As U.S. companies contend with high interest rates and uneven growth, South Korea’s industrial heavyweights – Samsung, SK Group, and Hyundai Motor – are quietly expanding their global footprint, adding more than $567 billion in assets over the past five years.
According to CEO Score, a Seoul-based corporate analytics firm that tracks the financial performance of Korea’s largest conglomerates, the combined assets of the country’s 52 biggest business groups have grown 43% since 2019, led by the nation’s so-called Big Three. Samsung Group alone added $114 billion, fueled by its dominance in semiconductors and consumer electronics; SK Group followed with a $96 billion jump driven by its chip arm SK hynix; and Hyundai Motor Group gained $50 billion, buoyed by surging global demand for electric vehicles.
The rapid buildup underscores how South Korea is tightening its grip on industries that U.S. leaders like Elon Musk and Jensen Huang have called “critical to the future of AI and clean energy.” From advanced memory chips used in NVIDIA GPUs to EV batteries powering Tesla and GM, Korean suppliers have become indispensable to America’s tech and auto ecosystems.
“While U.S. firms face rising costs and tighter labor markets, Korean conglomerates are doubling down on vertical integration and overseas expansion,” said one New York-based Asia market strategist. “They’ve become indispensable players in the very technologies Washington views as strategic.”

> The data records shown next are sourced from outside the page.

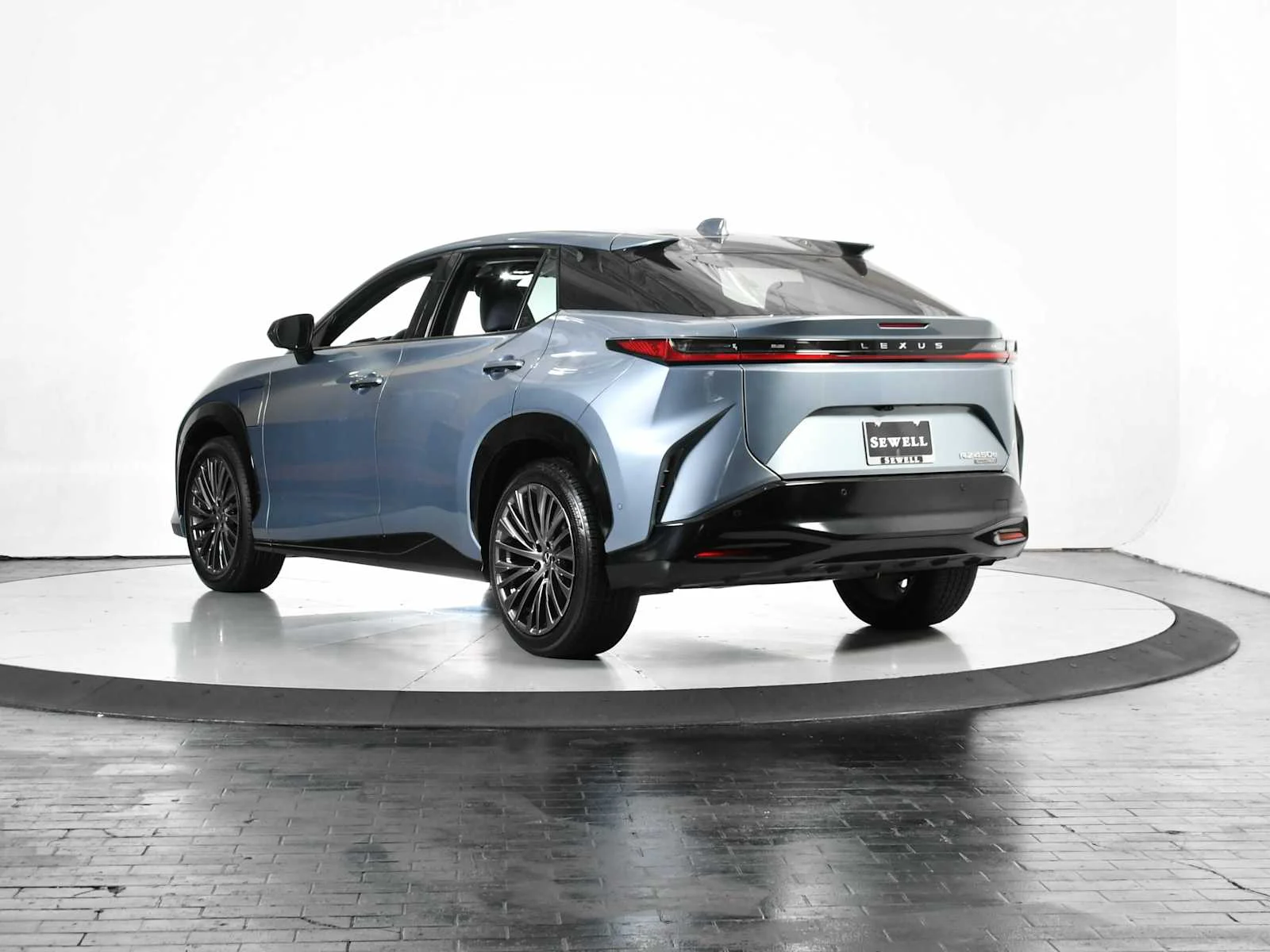Certified Used 2023 Ether Lexus Luxury image 4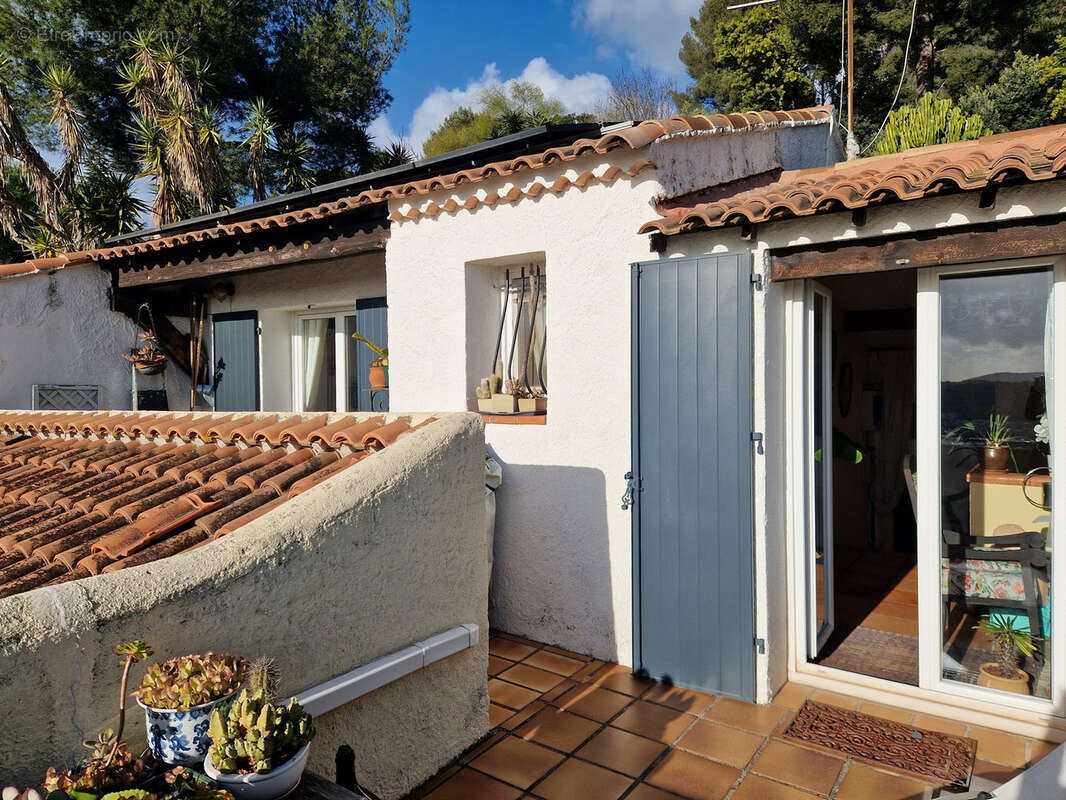 Maison à LA VALETTE-DU-VAR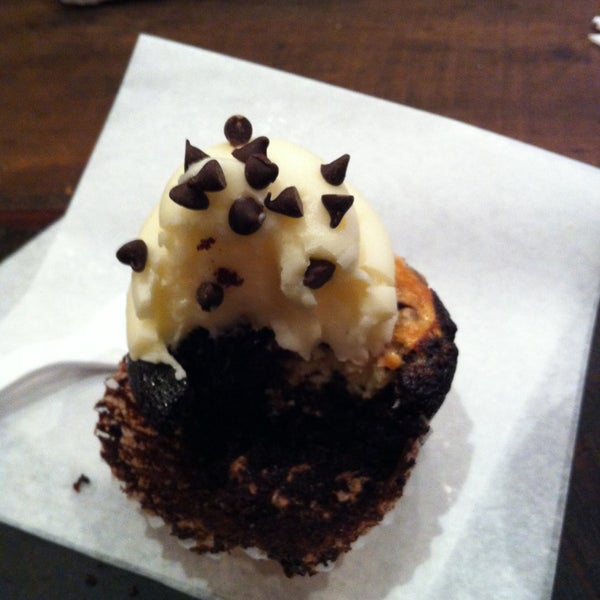 Foto tirada no(a) The Chocolate Moose Bakery &amp; Cafe por Allison M. em 3/23/2013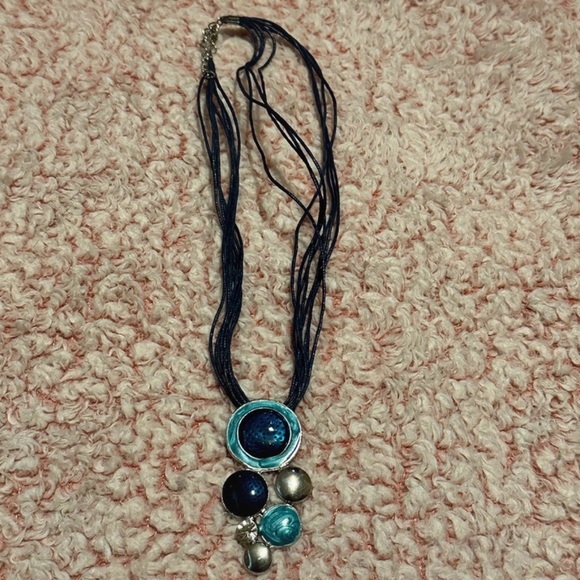 Jewelry - Elegant Blue and Silver Necklace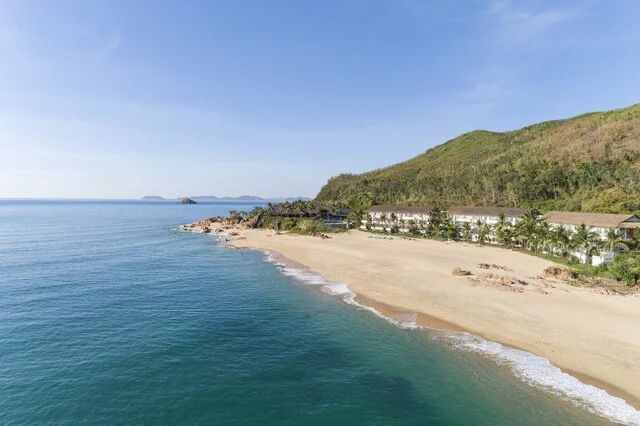 Avani_Quy_Nhon_Resort_Exterior_View_Beach_Aerial_View-5464x3640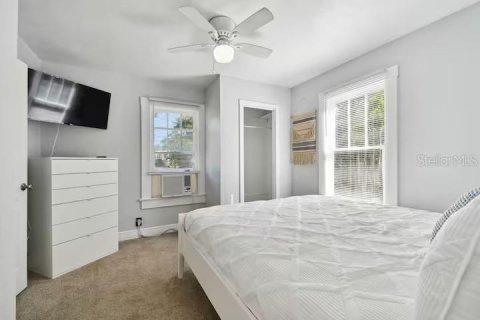 Immobilier commercial à vendre à Orlando, Floride: 4 chambres, 148.64 m2 № 2389215 - photo 16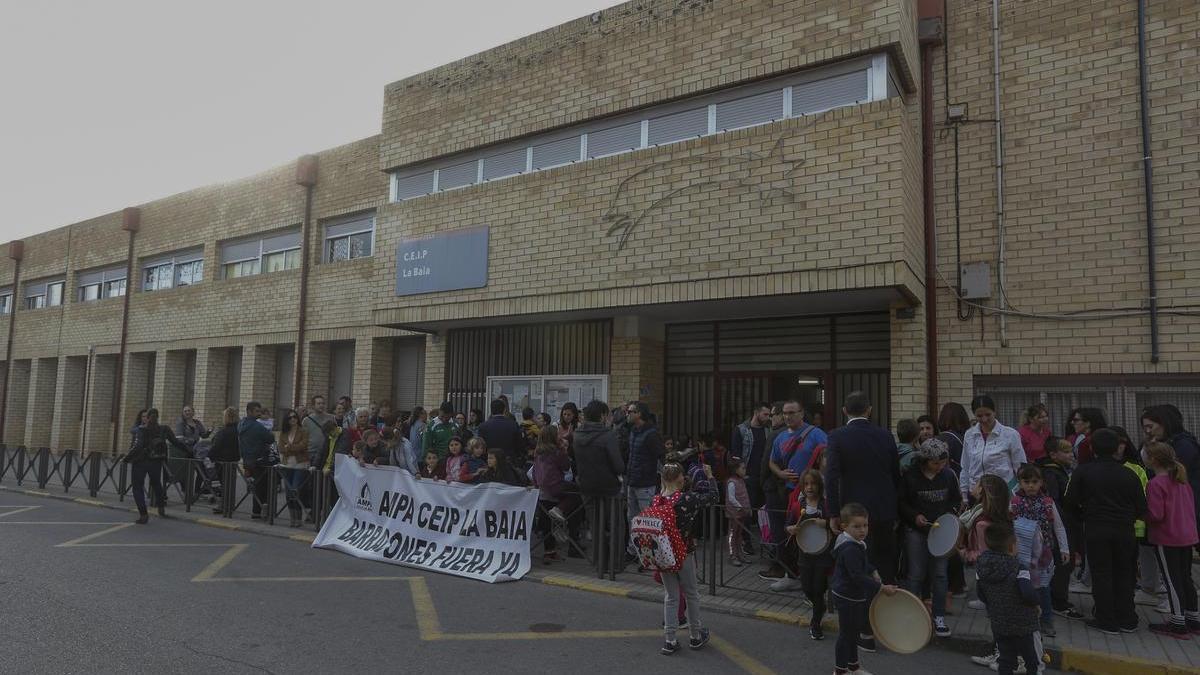 Protesta en el colegio La Baia hace tres años para reclamar la ampliación.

For American investors, the trend highlights South Korea’s dual role as both a trusted manufacturing ally and a rising competitor in high-tech sectors. Samsung, SK, and Hyundai all have multi-billion-dollar projects in the U.S. – from chip fabs in Texas to EV plants in Georgia – deepening economic interdependence even as Intel and Micron fight to reclaim ground in the global semiconductor race.